# Task goal:
With the pictures omitted, transcribe each line below exactly as it is.

# Raw data:
########################################

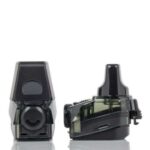 کارتریج ایجیس بوست (لاکچری) کمپانی گیک ویپ | Geekvape AEGIS Boost Replacement Pod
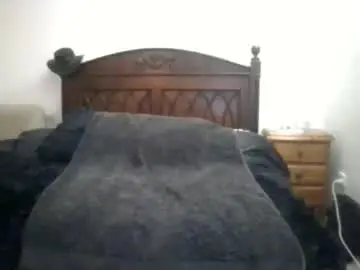 Chaturbate Sex Chat of maximus_oreally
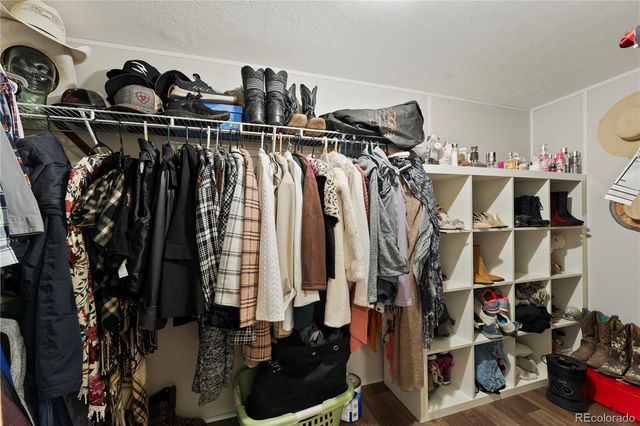 69501 E 72nd Avenue, Byers, CO 80103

########################################

# Answer to this problem:
 کارتریج ایجیس بوست (لاکچری) کمپانی گیک ویپ | Geekvape AEGIS Boost Replacement Pod
 Chaturbate Sex Chat of maximus_oreally
 69501 E 72nd Avenue, Byers, CO 80103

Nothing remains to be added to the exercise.